I felt good about the rest of the cross-country school and show jump part of the lesson and we headed into Marlborough feeling pretty good. The warm up for dressage was on grass that had just been mowed and he doesn’t have a lot of practice with warming up on it, so combined with the clumps of grass, I don’t think he was as fluid in his movement as he could have been. I still don’t have a good warm up plan for him, other than to not do more than half an hour so I don’t make him a flat tire, but I realized after the fact that I really needed him to be more forward and better bent. I expected he might be more forward since he hadn’t been out in a busy warm up ring in awhile, but that was not the case since it was a bit hot. So, I need to work more on circles and asking for some lengthened, forward steps, which is something we do at home all the time.

GRC Photo
GRC Photo
GRC Photo
GRC Photo

He was a bit excitable in the show jumping warm up. It’s hard because whenever we go to lessons, it’s usually just us, so he hadn’t been in a busy warm up ring for awhile in that situation either. He was certainly jumping well, just being a 5-year-old upon landing and going to the jumps, so I took him away from that area and let him have a good gallop in an open area of the field right before we went in.
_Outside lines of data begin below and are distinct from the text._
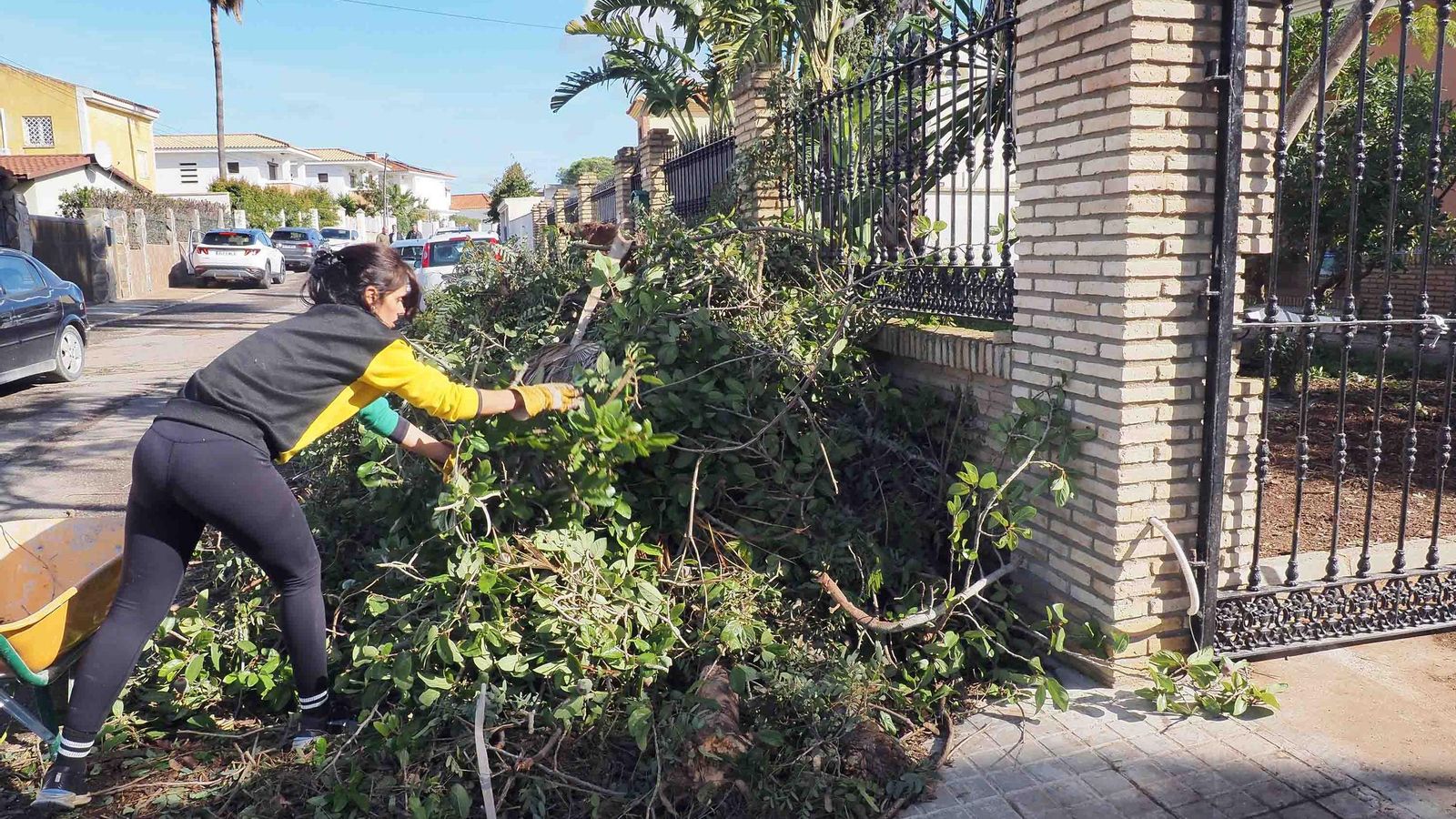 Mercedes Yaque se afana en retirar este miércoles restos vegetales en su casa en la calle Pulpo, en Pozo del Camino Mercedes Yaque se afana en retirar este miércoles restos vegetales en su casa en la calle Pulpo, en Pozo del Camino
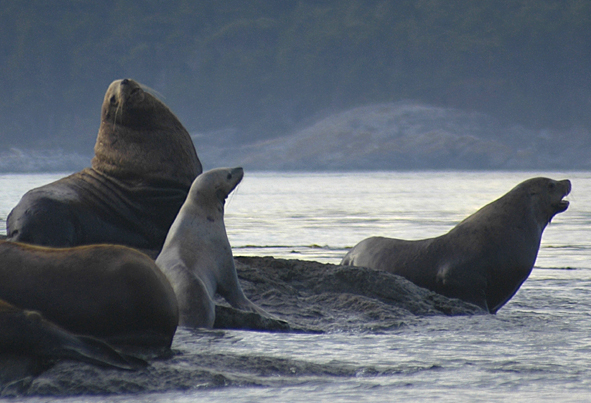 Sea Lions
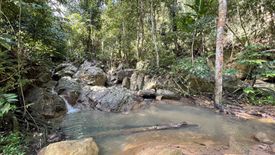 Land for sale in Mae Nam, Surat Thani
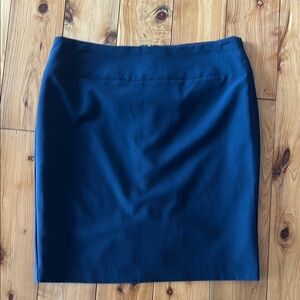 Elegant Blue Women's Skirt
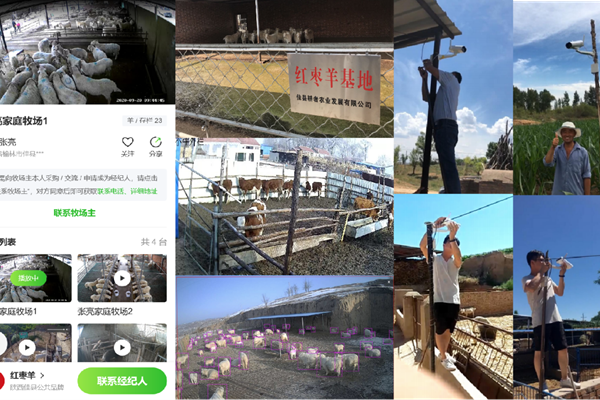 “小牧丁”APP入驻田间地头.png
The round was more about getting it done than making it look pretty. Since it was in an open area, I think I rode much better, but he thought it was pretty hilarious to swap leads in front of a couple of the jumps. He did get all his leads on landing though, which was a big improvement. Maybe I wasn’t throwing my upper body to the inside?

GRC Photo
GRC Photo
GRC Photo
GRC Photo

We did have the last rail down. I let him get a little flat going up a hill to a max oxer and he ticked it from behind as he was cantering away. We also had some random time faults, but I was more concerned with making good turns and letting him really see the jumps. Otherwise, I was happy with the round. For not having been in the ring since June, I didn’t totally mess it up and he felt like he had scope to spare over the bigger jumps.

I was feeling good for cross-country, but knew I’d need to give him a strong ride since there were a few things he’d never seen before. The first combination at 4ab was a max new wood ramp off a tight turn in the woods, three strides to another ramp. It was more of a training level question and was the thing I was most worried about, but he had no problem with it!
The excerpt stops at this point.